В 1996 г. Украинская Греко-Католическая церковь отмечает две даты - 50-летие Львовского собора и 400-летие Брестской унии. Ни одна из них не принадлежит всецело истории. На многие вопросы, поставленные четыре века назад владыками Киевской митрополии, ответов нет до сих пор. Тем более не перевернута страница, открытая в 1946 году. Рука «прощения, примирения и любви к русскому народу и Московскому патриархату», протянутая кардиналом Любачивским еще в 1987 г., повисла в воздухе. Изнурительное противостояние православных и греко-католиков в Галиции и Закарпатье - прямое следствие Львовского псевдособора - продолжается. На многочисленные просьбы об официальной реабилитации УГКЦ официальный Киев неизменно отвечает, что де-юре Церковь «самоликвидировалась» собственноручно, государство никаких правовых актов на сей счет не принимало, поэтому и отменять нечего.
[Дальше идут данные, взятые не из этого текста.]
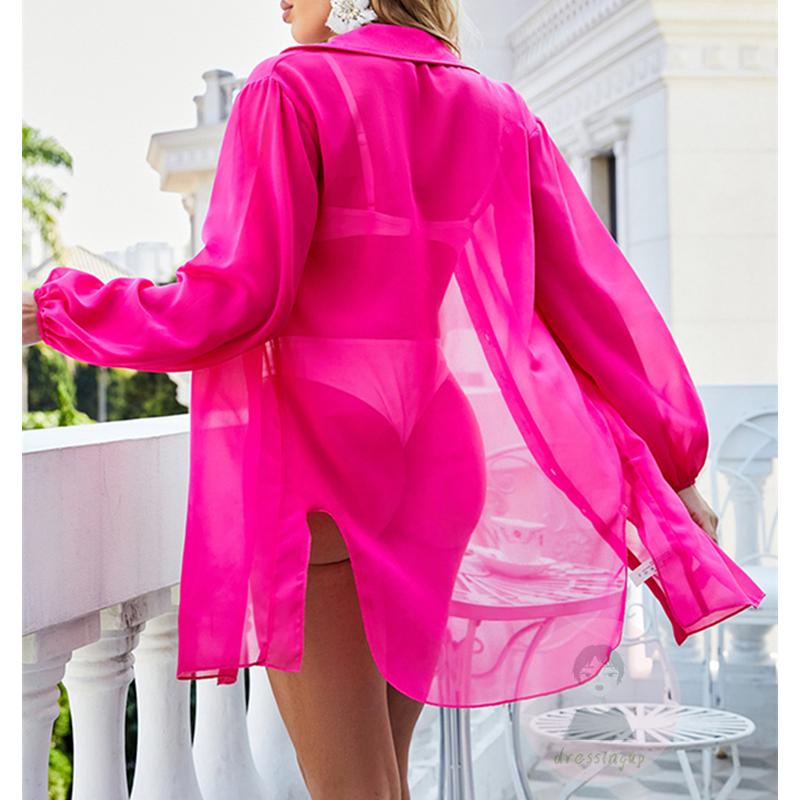 Áo Khoác Ngoài Bikini Tay Dài Dáng Rộng Cài Khuy Màu Trơn Thời Trang Mùa Hè Cho Nữ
Сегодня, когда эстетика и движущие пружины Львовского «собора» вполне очевидны, такой аргумент выглядит не весьма весомо. Убедительнее выглядело бы откровенно выраженное опасение того, что официальная реабилитация активизирует усилия греко-католиков по возвращению отчужденного у них и сегодня частично удерживаемого православными имущества. Но подобный акт, утверждают юристы, знающие украинское законодательство о свободе совести, имело бы политическое и моральное прежде всего, а не правовое значение. Так в чем же дело?

Очевидно, следует признать, что зерна антиуниатской пропаганды, щедро сыпавшиеся в украинский грунт, дали обильные всходы. Униатофобия достаточно глубоко поразила значительную часть нашего истеблишмента, она подпитывается к тому же теми влиятельными церковными иерархами, для которых антикатолицизм едва ли не главный признак православности. Эта «фобия» имеет очень мало общего со стремлением к справедливому урегулированию православно-греко-католического конфликта в Западной Украине, в котором местные власти действительно чаще становятся на сторону большинства, т.е. греко-католиков. Но совершенно очевидно, что западнее Збруча эта «фобия» имеет направленность, обращается против православных и увековечивает искромсавший Украину збручанский шрам. Да и нечестная какая-то эта «фобия» - принять от Церкви здания в Вашингтоне, Лондоне и Ватикане для размещения диппредставительств она позволяет, а предоставить Церкви в украинской столице условия для достойного существования - нет.

50-летие Львовского «собора» - скорбный юбилей, но хорошая возможность для Киева не только выразить свое отношение к прошлому, но и обнаружить современную позицию. У каждой нации есть временные отметины, отказ от осмысления которых губителен. Брест-1596 и Львов-1946 - это прежде всего украинская, а уже потом церковная история.